Web page caption snippets:
"""
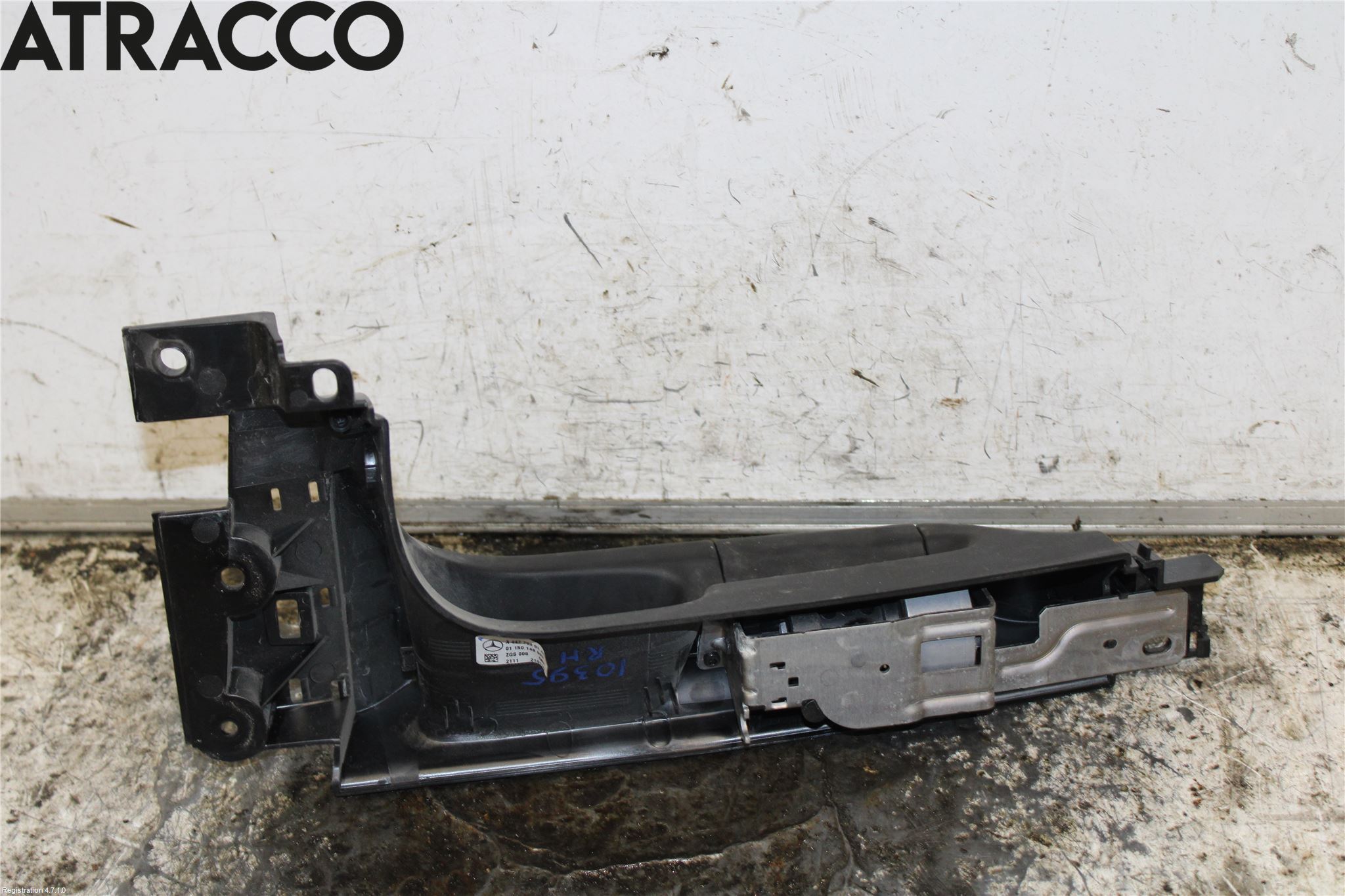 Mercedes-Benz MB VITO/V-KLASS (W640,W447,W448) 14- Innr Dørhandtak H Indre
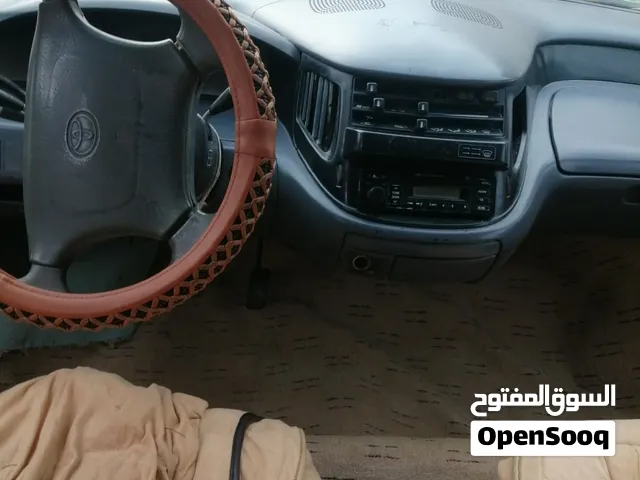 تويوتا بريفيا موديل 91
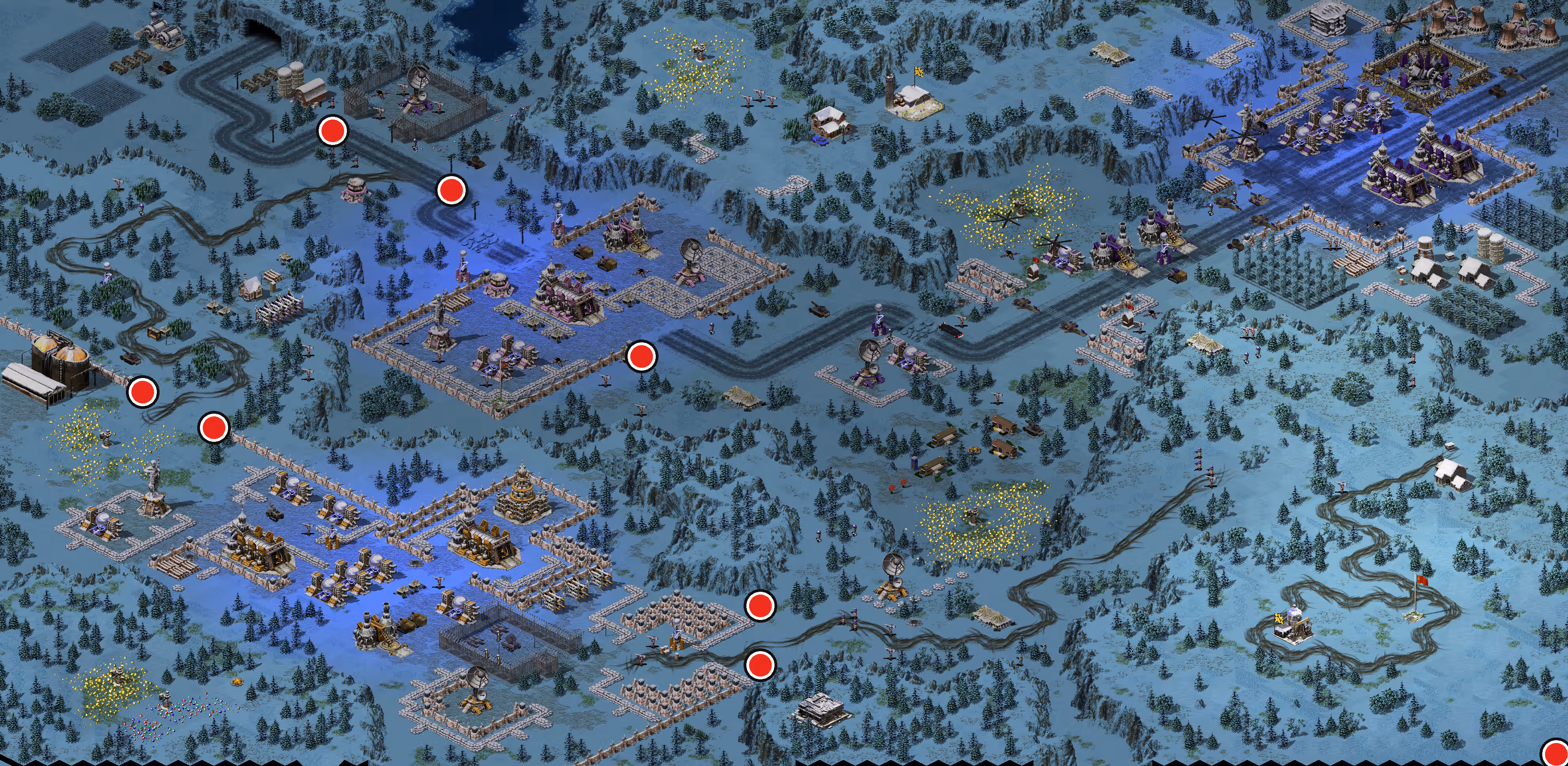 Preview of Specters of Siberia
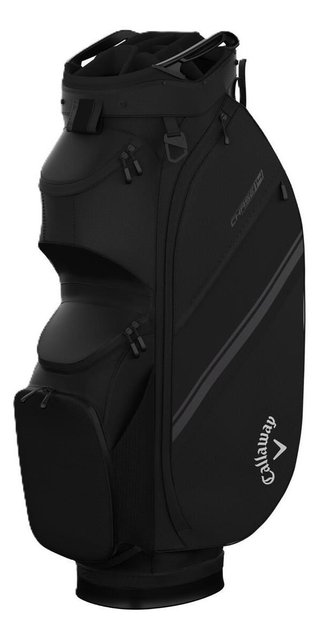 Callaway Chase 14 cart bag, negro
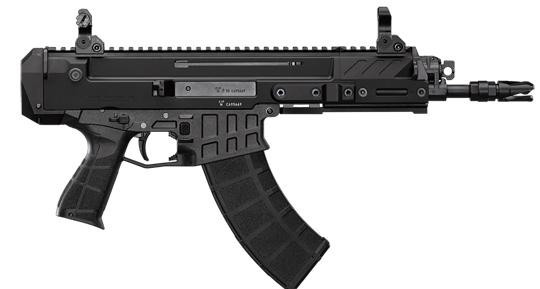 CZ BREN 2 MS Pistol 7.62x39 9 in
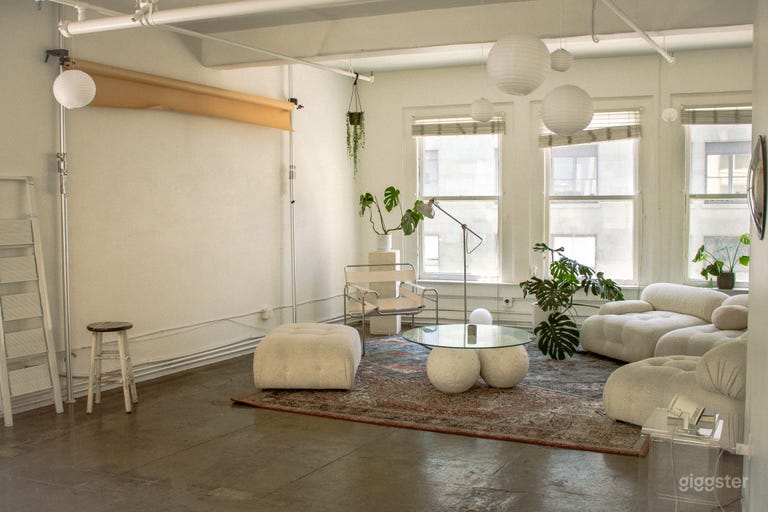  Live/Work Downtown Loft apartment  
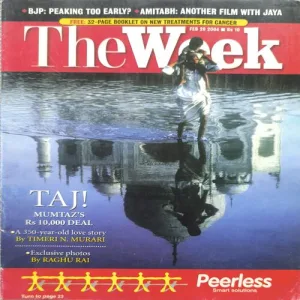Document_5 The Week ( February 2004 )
"""
■ **What is being asked**: The result should be a precise copy of all the entries, free of pictures.

■ **Answer for this exercise**:
 Mercedes-Benz MB VITO/V-KLASS (W640,W447,W448) 14- Innr Dørhandtak H Indre
 تويوتا بريفيا موديل 91
 Preview of Specters of Siberia
 Callaway Chase 14 cart bag, negro
 CZ BREN 2 MS Pistol 7.62x39 9 in
  Live/Work Downtown Loft apartment  
Document_5 The Week ( February 2004 )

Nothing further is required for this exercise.